• _EXERCISE DETAILS_:
Below is a listing. Return the lines from the one that contains "Royal Double Family room" to the one that contains "American Eagle Outfitters", both ends included, verbatim and with no pictures.

• _MATERIAL PROVIDED_:
+===+

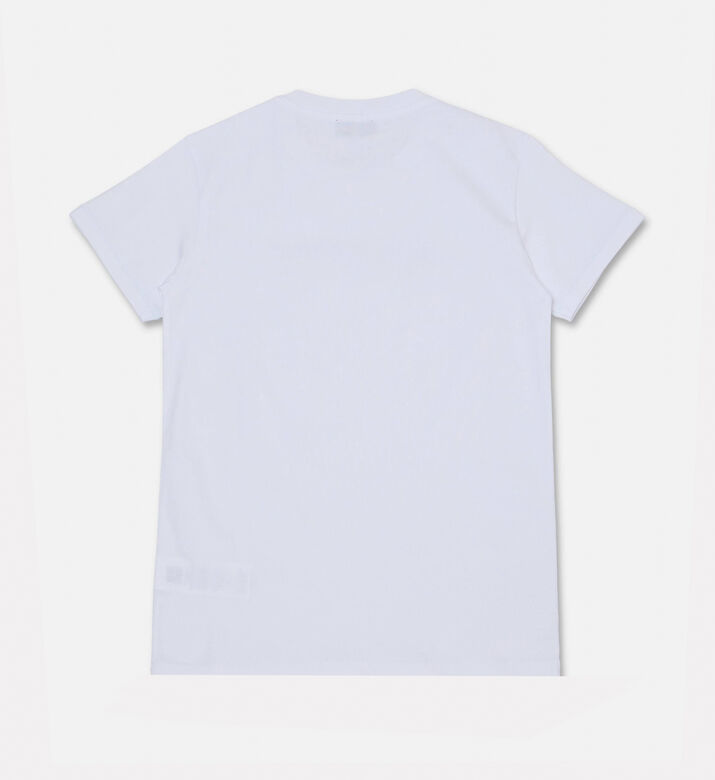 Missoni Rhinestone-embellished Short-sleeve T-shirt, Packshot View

+===+

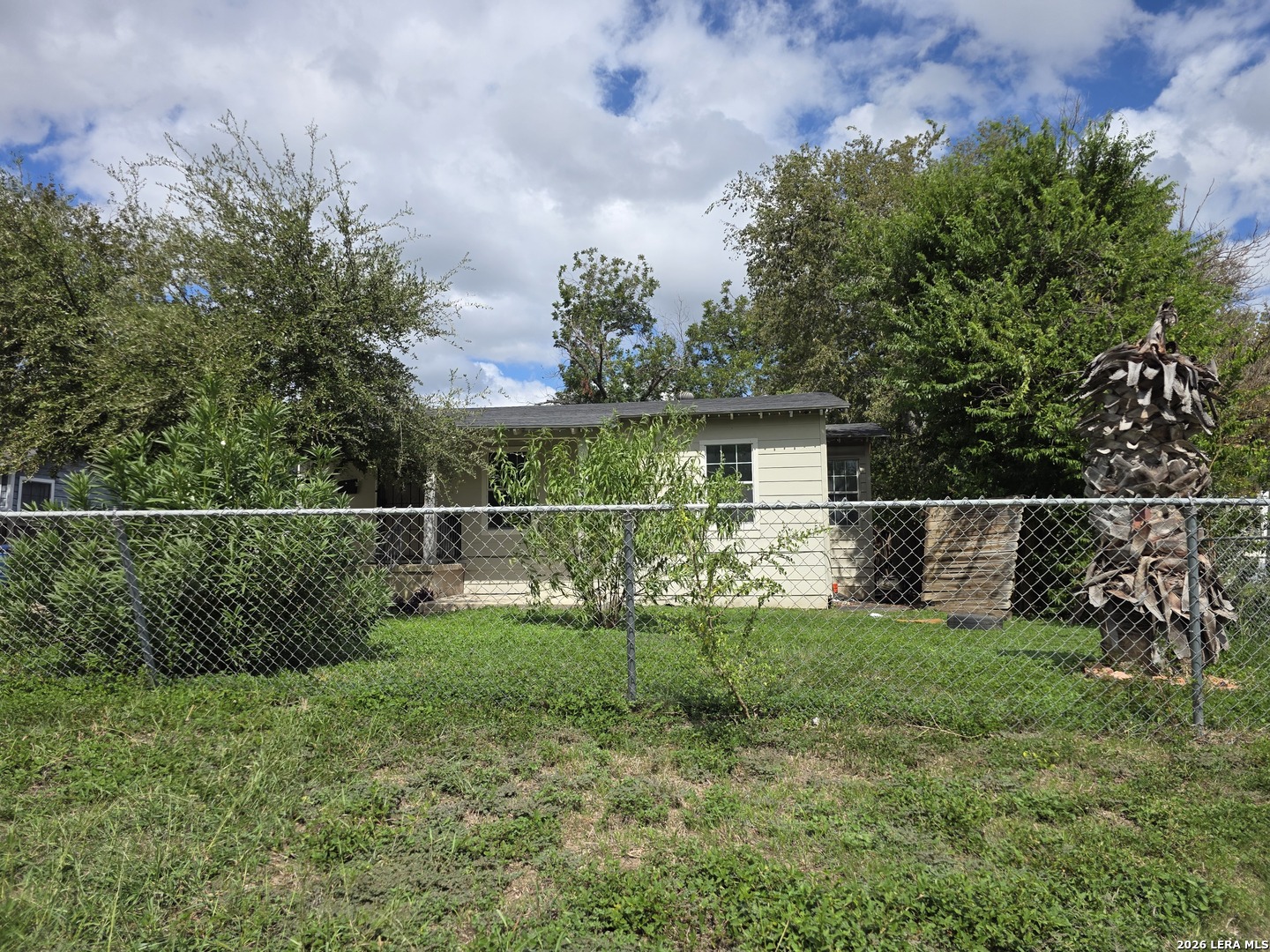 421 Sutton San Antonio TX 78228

+===+

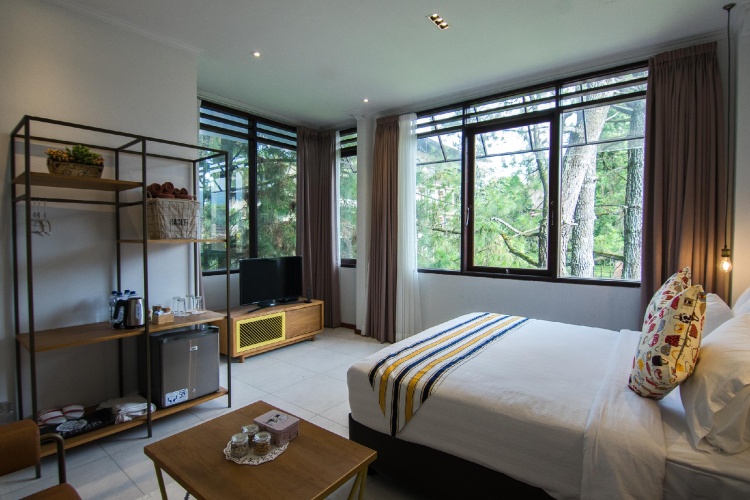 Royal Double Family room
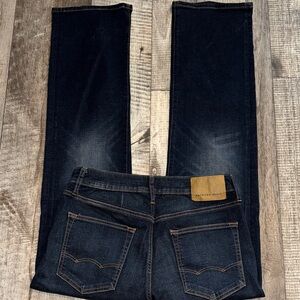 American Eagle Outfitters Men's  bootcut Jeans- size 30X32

+===+

• _RESPONSE TO THIS TASK_:
 Royal Double Family room
 American Eagle Outfitters Men's  bootcut Jeans- size 30X32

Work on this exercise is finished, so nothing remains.